**Data**
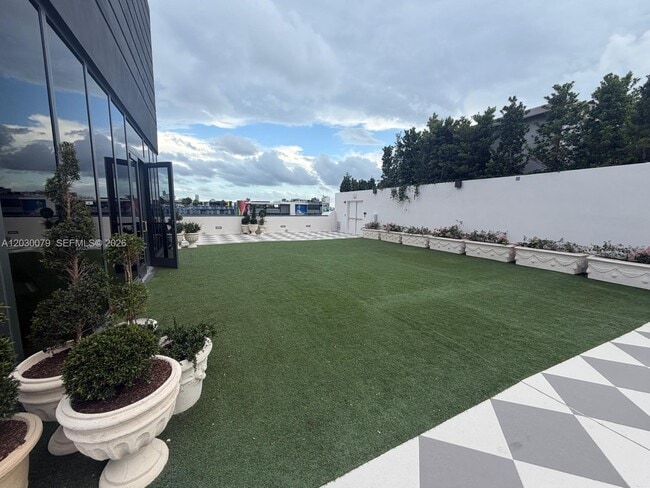 Building Photo - 2700 NW 2nd Ave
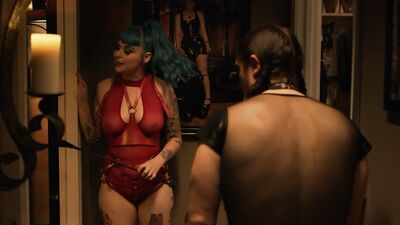 Molly Hewitt, Marika Engelhardt, Sophia Chase - Easy s03e02 (2019)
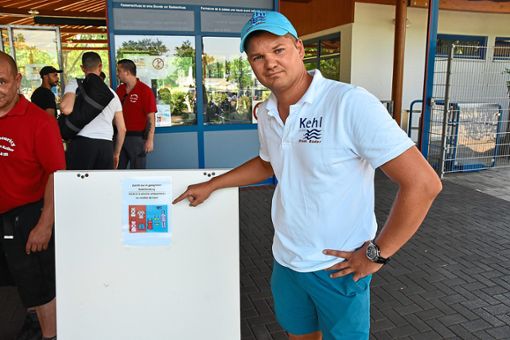Florian König, Betriebsleiter des Auenheimer Freibads, weist Besucher auf die strengere Kleiderordnung hin. Foto: Armbruster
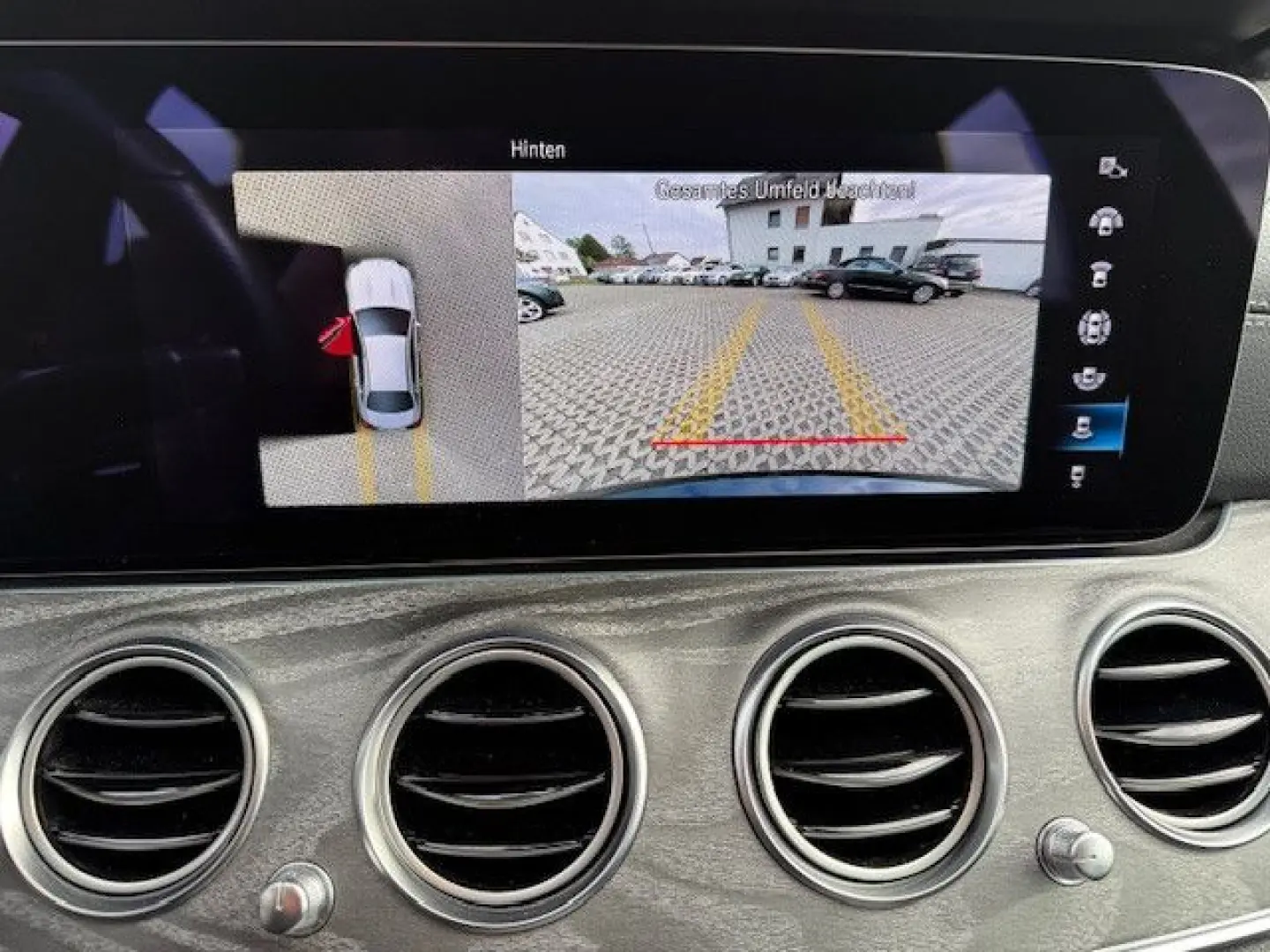 E 300 AMG+DISTRONIC+360°KAMERA+AHK+FAHRASSISTENZ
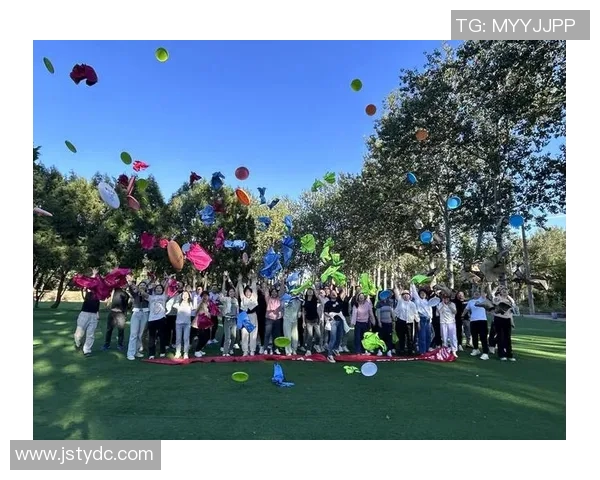 广州飞盘队在极限运动世界杯中的灵活性表现与战术创新分析MBA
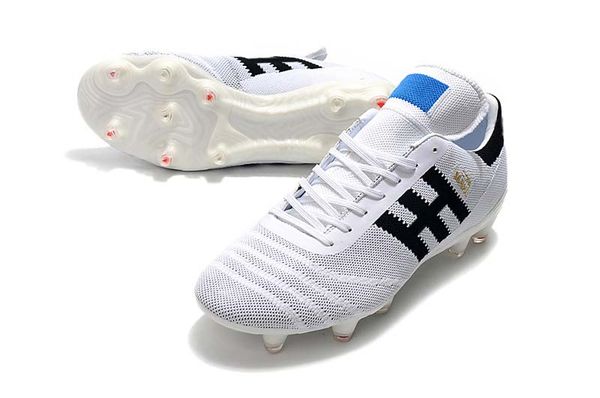 new style 2019 indoor and outdoor md copa 70y in football boots designer fg/tf/ic soccer shoes men soccer cleats designer sneakers
new style 2019 indoor and outdoor md copa 70y in football boots designer fg/tf/ic soccer shoes men soccer cleats designer sneakers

**Task**
Copy all the material exactly; omit images.

**Response**
 Building Photo - 2700 NW 2nd Ave
 Molly Hewitt, Marika Engelhardt, Sophia Chase - Easy s03e02 (2019)
Florian König, Betriebsleiter des Auenheimer Freibads, weist Besucher auf die strengere Kleiderordnung hin. Foto: Armbruster
 E 300 AMG+DISTRONIC+360°KAMERA+AHK+FAHRASSISTENZ
 广州飞盘队在极限运动世界杯中的灵活性表现与战术创新分析MBA
 new style 2019 indoor and outdoor md copa 70y in football boots designer fg/tf/ic soccer shoes men soccer cleats designer sneakers
new style 2019 indoor and outdoor md copa 70y in football boots designer fg/tf/ic soccer shoes men soccer cleats designer sneakers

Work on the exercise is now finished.